◆ Task item
Output word for word the lines from the one with "We've got a" to the final line of the data, both ends included, but skip the pictures.

◆ Given information
________________________

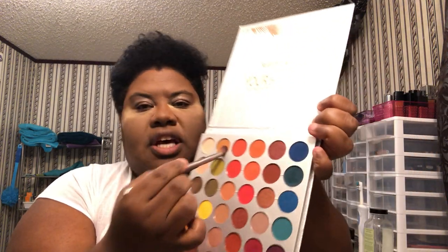I'm going to take this brush — excuse me if you see me looking down — and we're just going to take this color here and put it in the crease. I'm just starting this as my base.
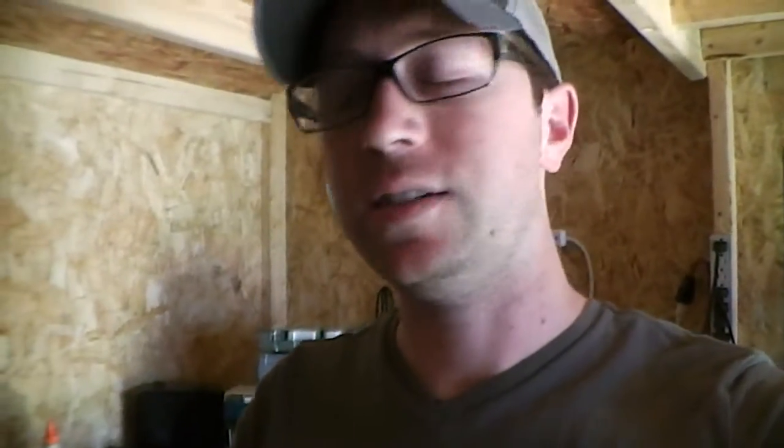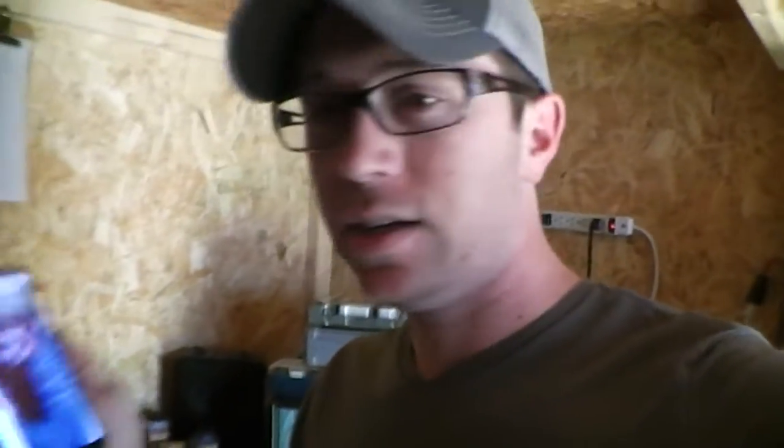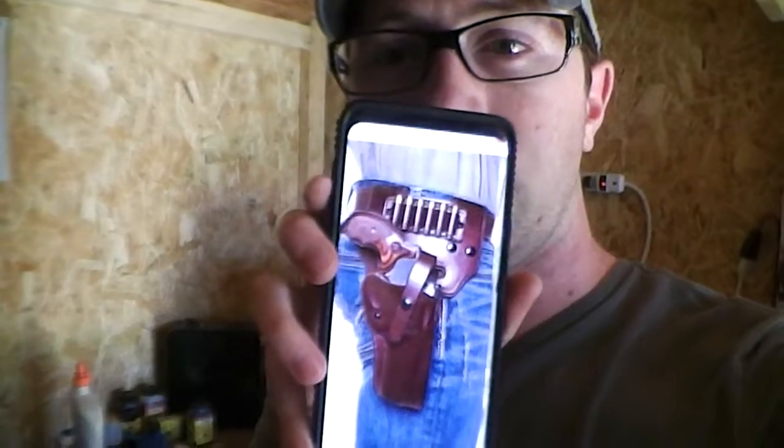We've got a huge leather project that we just got ordered the other night, and I figured I would walk through this process and we'll see how it turns out. It's going to look something along those lines.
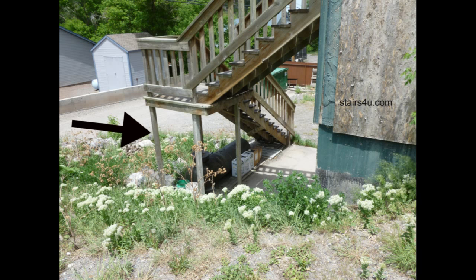A 2x2 isn't going to support a stairway like this. It probably wouldn't cut it, let alone provide the structural strength required for the guard railing — especially as the post extends up into the guard railing to support it horizontally.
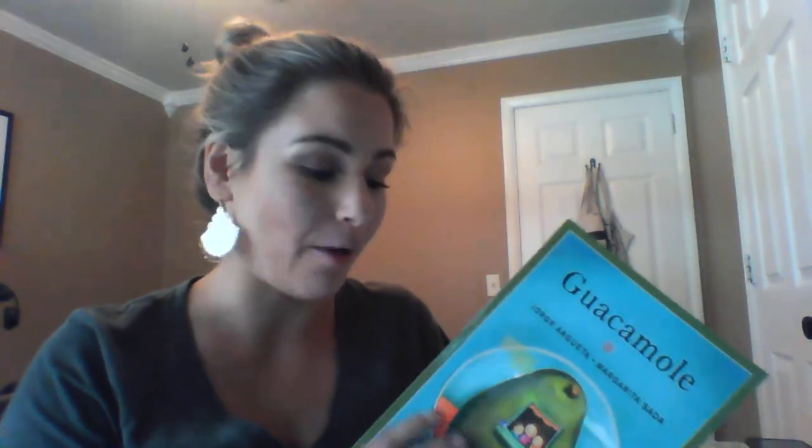Hi guys, it's Mrs. Lachance again. We are going to be reading our second read-aloud story for section four of our exercise unit.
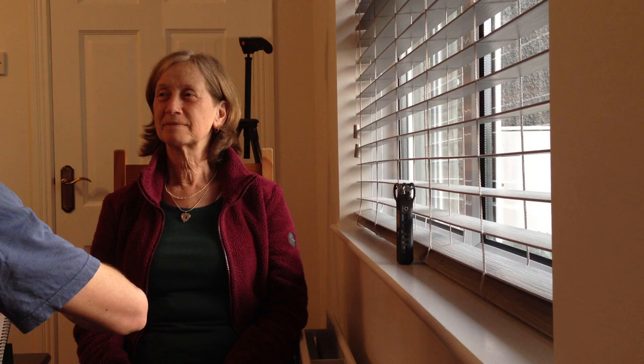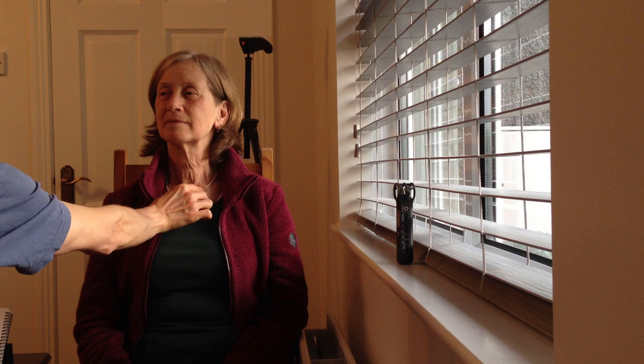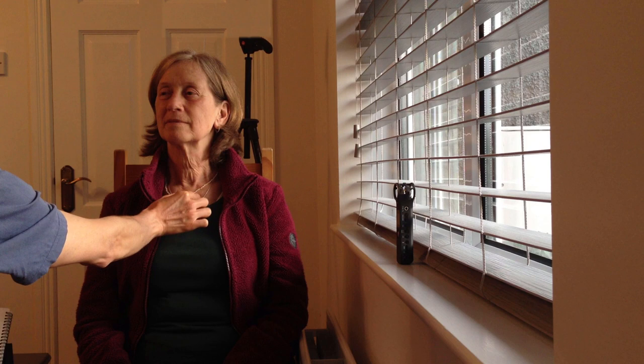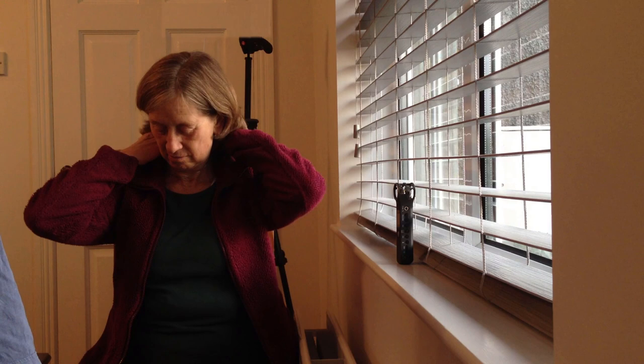Now, the tapping points I should have mentioned before: between the eyes using two fingers; side of the eye; under the eye; collarbone — drop about half an inch below using two fingers either side, just below the collarbone; and then the wrist — there are three acupressure points on top and three underneath, so you grab top and bottom of the wrist.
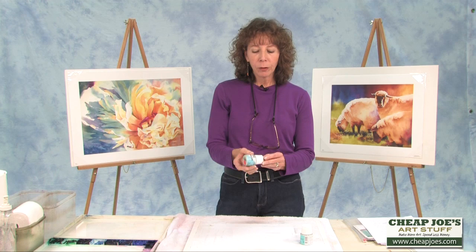A couple of tips for using this masking fluid. If you store it upside down like this, because it doesn't form that air pocket, it tends to prevent the little skin of the fluid that you get at the top. So store it upside down.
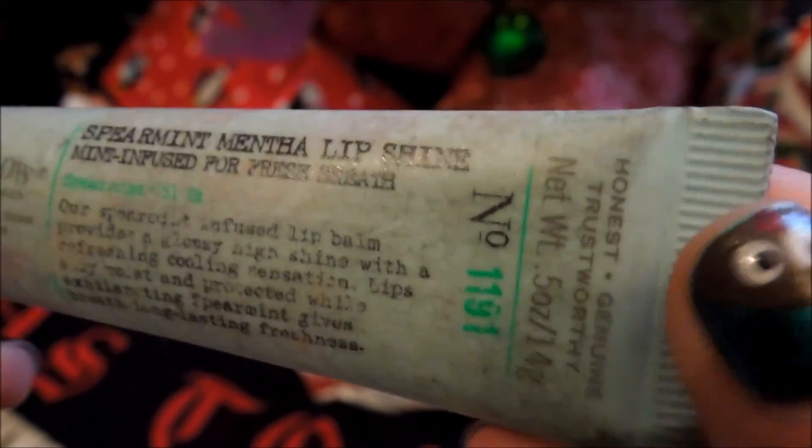Then I'm taking my Mentha Lip Shine Lip Gloss and I'm just going to apply a little bit to the center of my lips to help them look shiny and more full.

________________________

◆ Response for this exercise
We've got a huge leather project that we just got ordered the other night, and I figured I would walk through this process and we'll see how it turns out. It's going to look something along those lines.
A 2x2 isn't going to support a stairway like this. It probably wouldn't cut it, let alone provide the structural strength required for the guard railing — especially as the post extends up into the guard railing to support it horizontally.
Hi guys, it's Mrs. Lachance again. We are going to be reading our second read-aloud story for section four of our exercise unit.
Now, the tapping points I should have mentioned before: between the eyes using two fingers; side of the eye; under the eye; collarbone — drop about half an inch below using two fingers either side, just below the collarbone; and then the wrist — there are three acupressure points on top and three underneath, so you grab top and bottom of the wrist.
A couple of tips for using this masking fluid. If you store it upside down like this, because it doesn't form that air pocket, it tends to prevent the little skin of the fluid that you get at the top. So store it upside down.
Then I'm taking my Mentha Lip Shine Lip Gloss and I'm just going to apply a little bit to the center of my lips to help them look shiny and more full.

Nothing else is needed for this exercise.